Problem to solve: Every line from the one holding "Woman reading a" through the one holding "Feb 8, 2022;" in the data below must be returned exactly, both ends included, with pictures left out and nothing else added.

──────── Input data

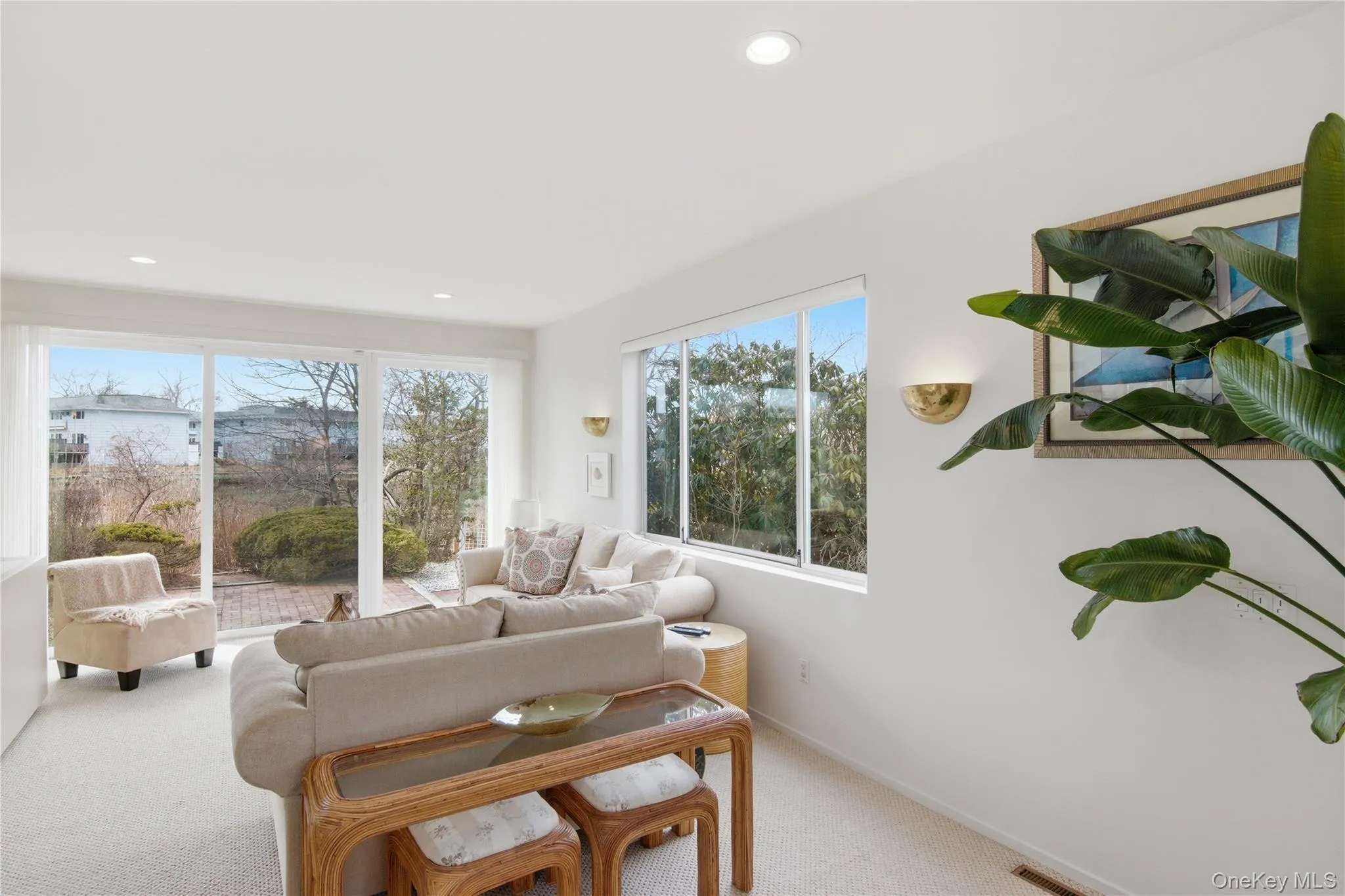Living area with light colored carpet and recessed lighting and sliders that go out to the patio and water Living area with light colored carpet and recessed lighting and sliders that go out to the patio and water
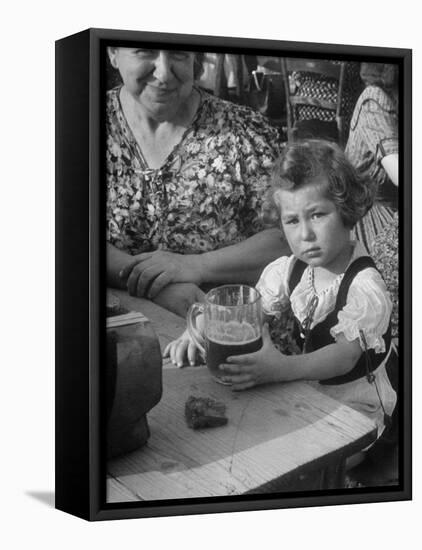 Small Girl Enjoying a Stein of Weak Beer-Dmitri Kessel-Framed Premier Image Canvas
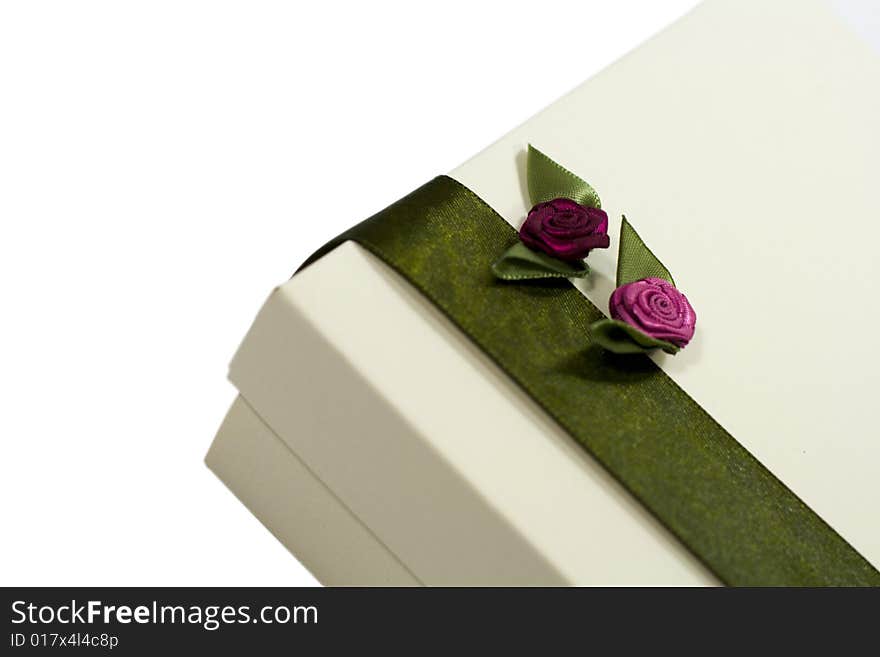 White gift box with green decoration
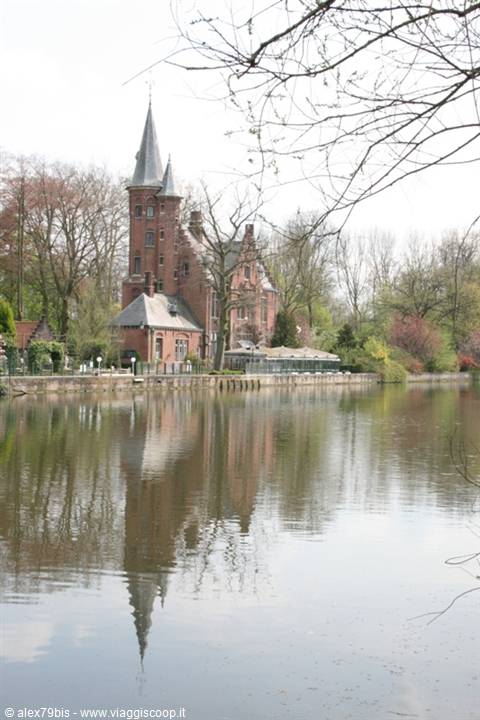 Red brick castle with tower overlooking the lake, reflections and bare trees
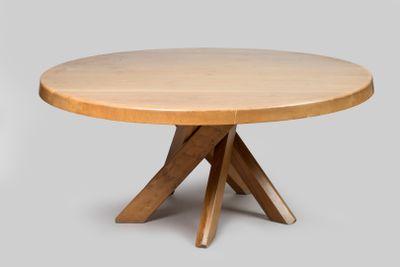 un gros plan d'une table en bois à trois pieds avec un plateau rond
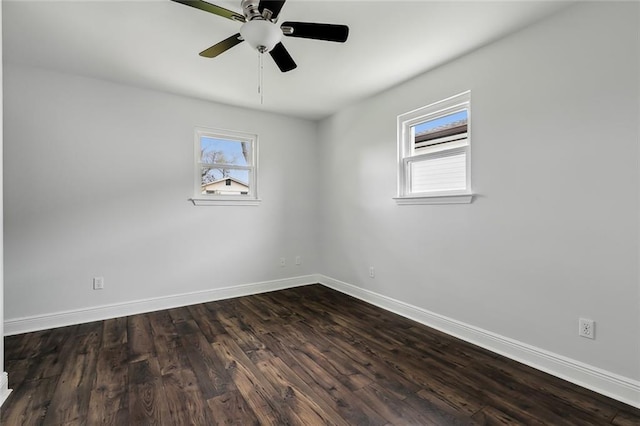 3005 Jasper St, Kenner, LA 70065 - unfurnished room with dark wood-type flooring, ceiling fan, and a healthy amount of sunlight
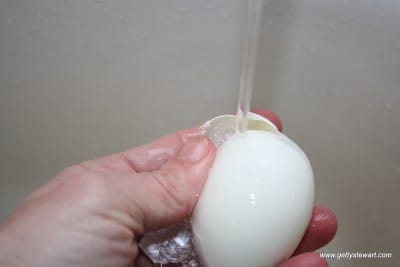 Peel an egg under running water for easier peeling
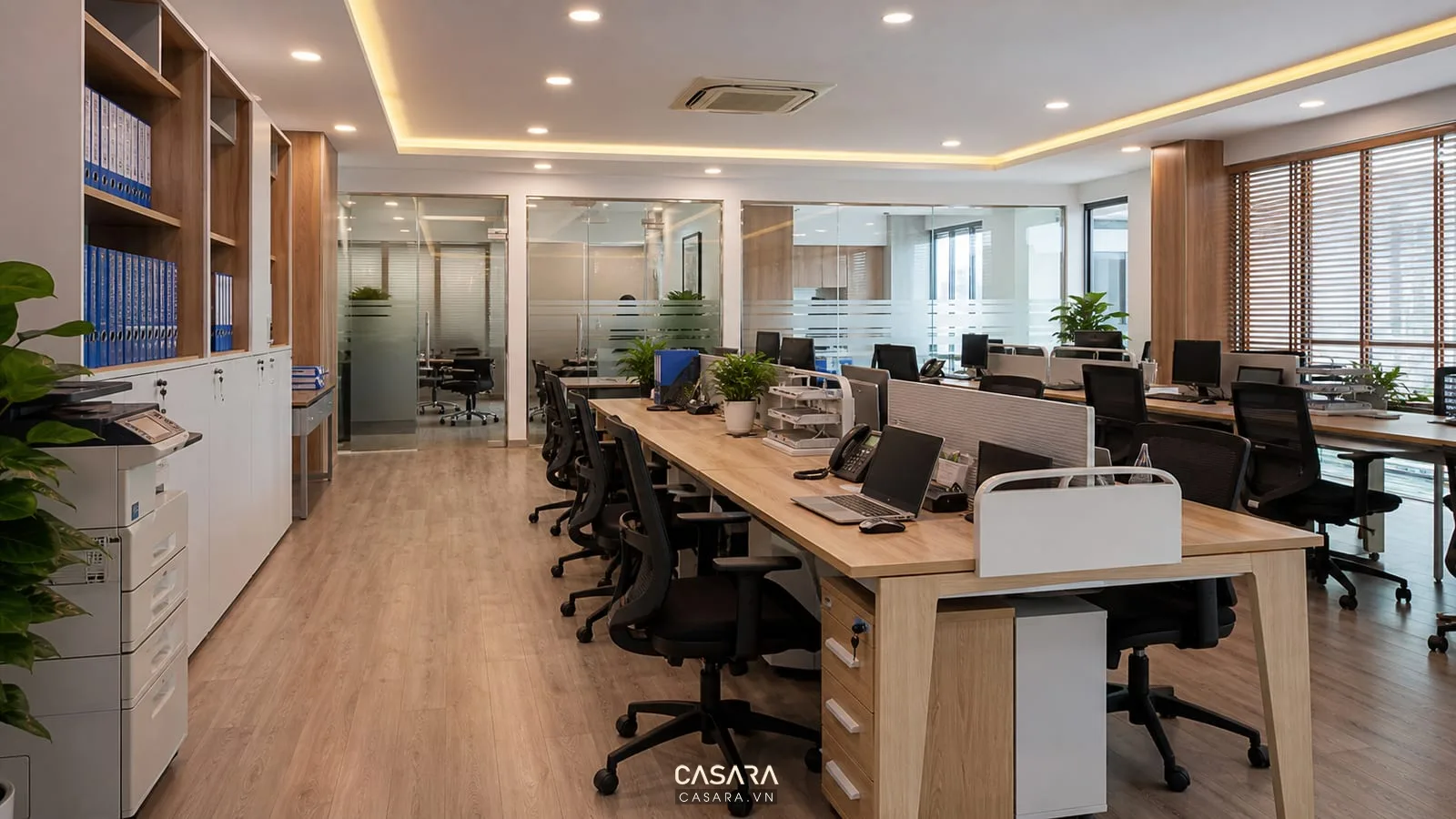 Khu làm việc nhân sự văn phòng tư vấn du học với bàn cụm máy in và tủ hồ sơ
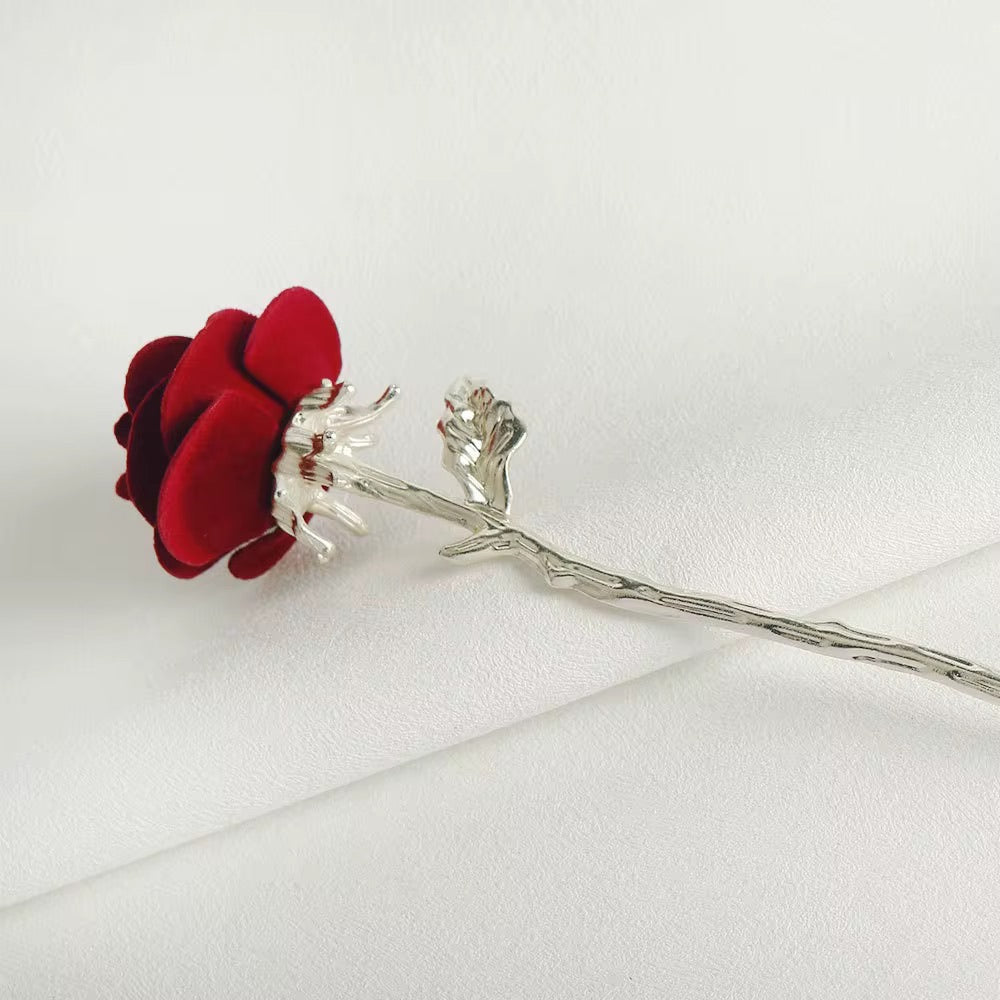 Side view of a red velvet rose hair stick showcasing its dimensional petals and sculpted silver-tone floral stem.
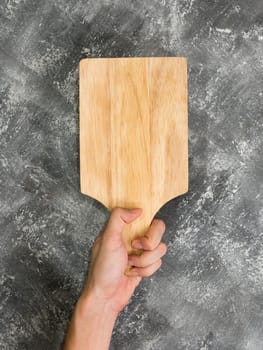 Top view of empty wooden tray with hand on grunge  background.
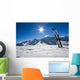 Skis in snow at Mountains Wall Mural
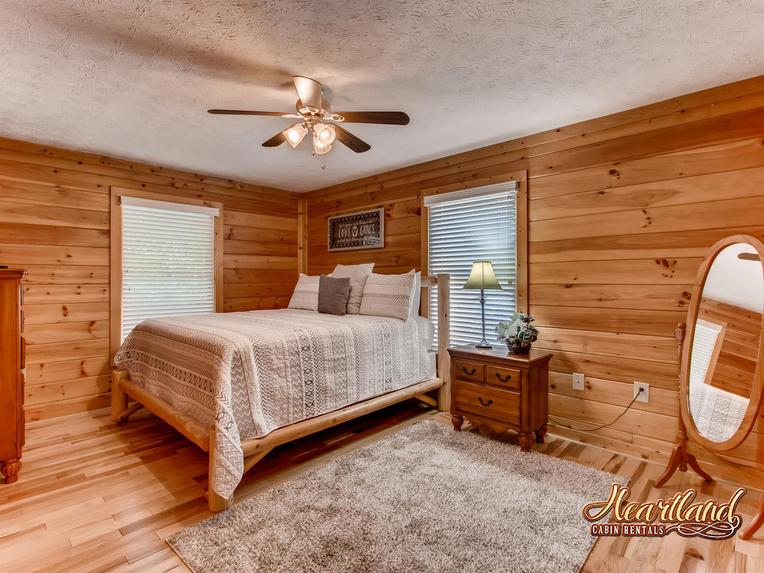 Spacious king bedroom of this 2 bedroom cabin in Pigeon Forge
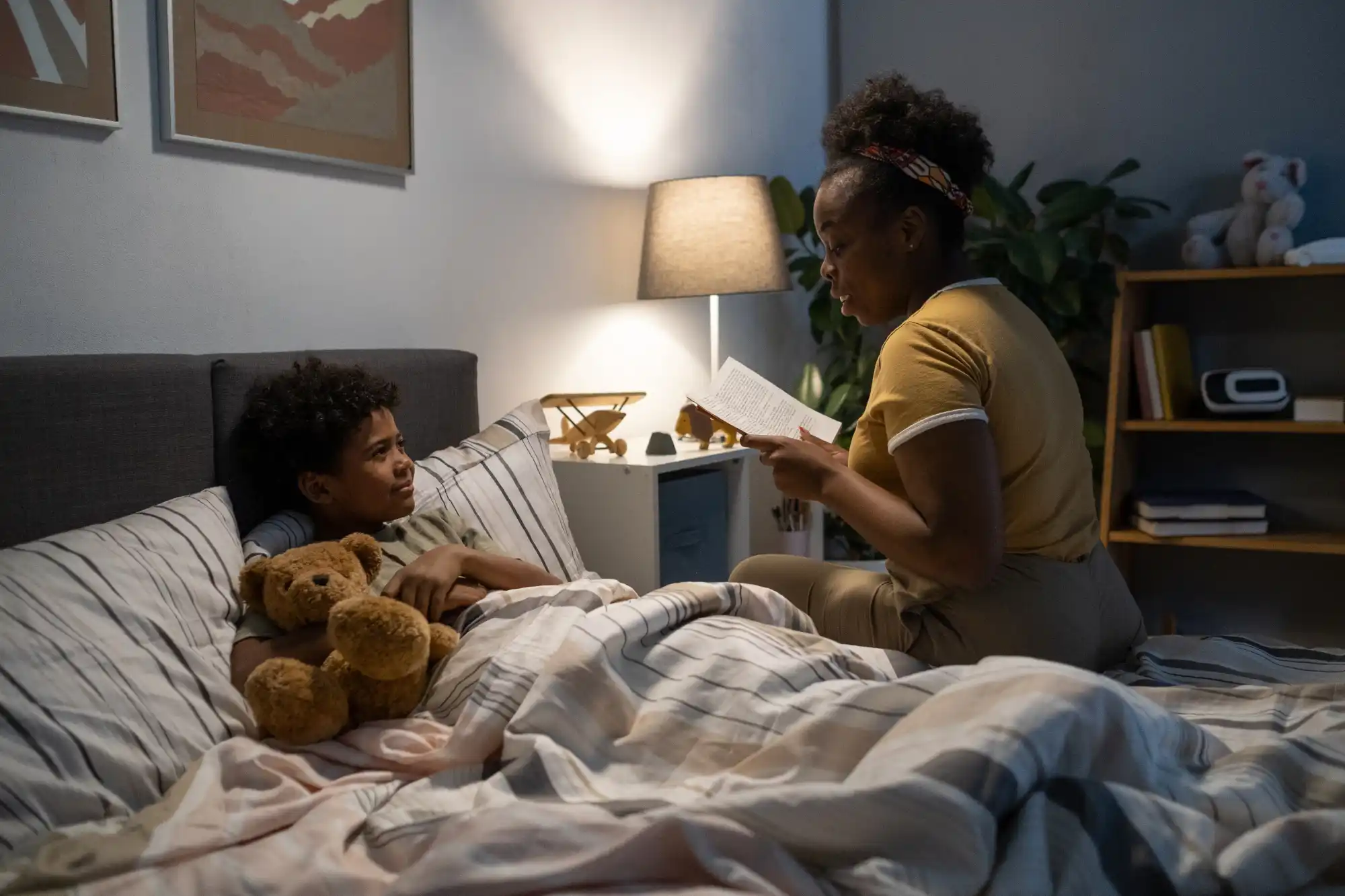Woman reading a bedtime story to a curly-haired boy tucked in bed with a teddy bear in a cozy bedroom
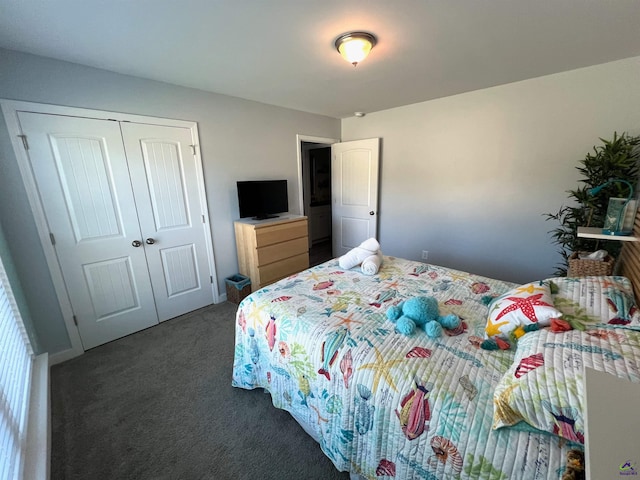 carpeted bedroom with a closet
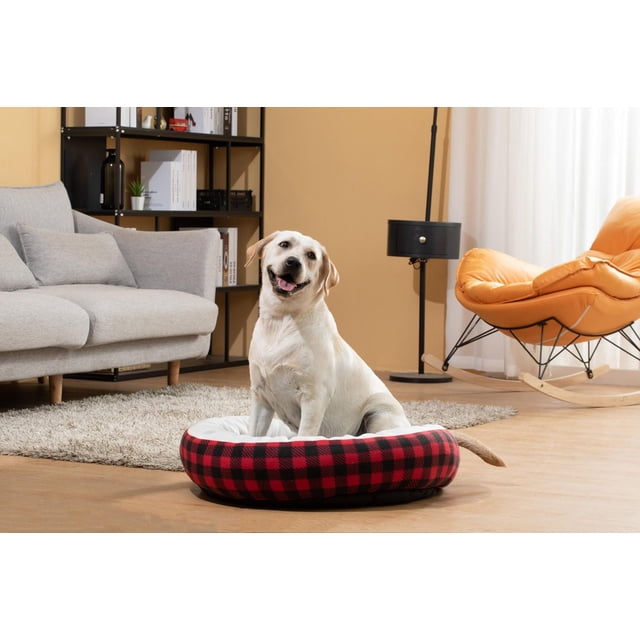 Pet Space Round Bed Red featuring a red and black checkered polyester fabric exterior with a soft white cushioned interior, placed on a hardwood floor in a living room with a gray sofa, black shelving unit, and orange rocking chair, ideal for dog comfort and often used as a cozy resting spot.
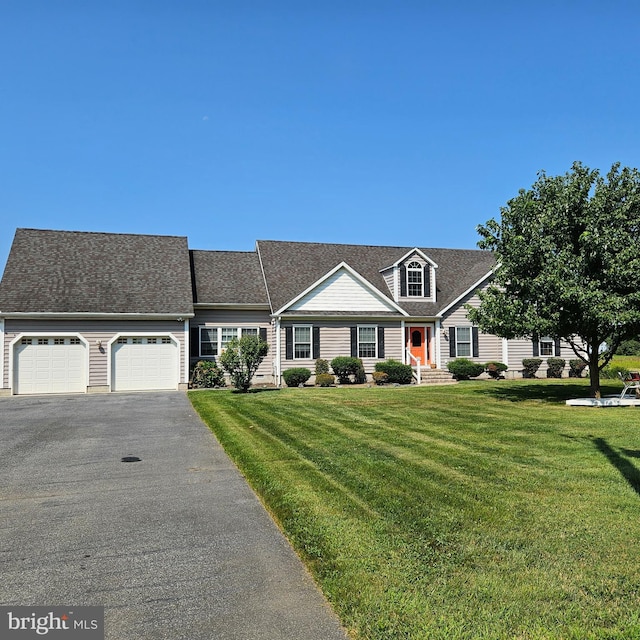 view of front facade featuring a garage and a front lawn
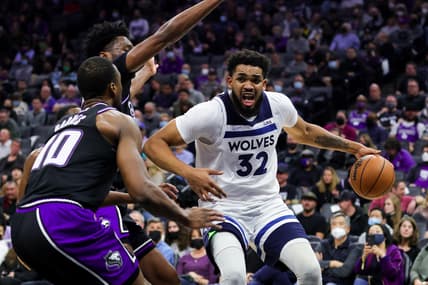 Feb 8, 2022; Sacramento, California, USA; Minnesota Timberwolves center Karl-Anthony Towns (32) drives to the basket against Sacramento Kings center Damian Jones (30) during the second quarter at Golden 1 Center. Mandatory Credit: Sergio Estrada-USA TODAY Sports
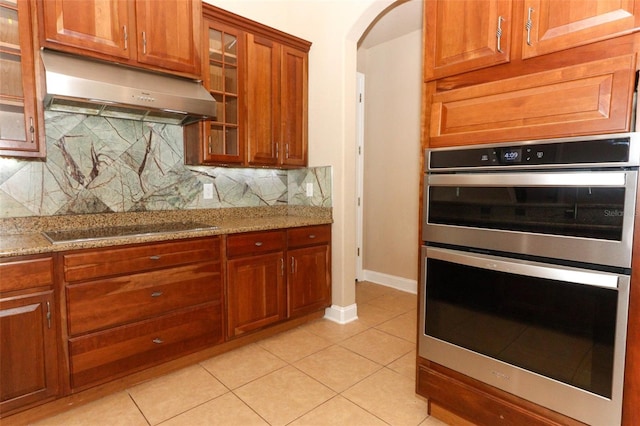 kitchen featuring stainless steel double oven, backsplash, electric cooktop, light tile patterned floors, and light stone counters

────────────────

Written response:
Woman reading a bedtime story to a curly-haired boy tucked in bed with a teddy bear in a cozy bedroom
 carpeted bedroom with a closet
 Pet Space Round Bed Red featuring a red and black checkered polyester fabric exterior with a soft white cushioned interior, placed on a hardwood floor in a living room with a gray sofa, black shelving unit, and orange rocking chair, ideal for dog comfort and often used as a cozy resting spot.
 view of front facade featuring a garage and a front lawn
 Feb 8, 2022; Sacramento, California, USA; Minnesota Timberwolves center Karl-Anthony Towns (32) drives to the basket against Sacramento Kings center Damian Jones (30) during the second quarter at Golden 1 Center. Mandatory Credit: Sergio Estrada-USA TODAY Sports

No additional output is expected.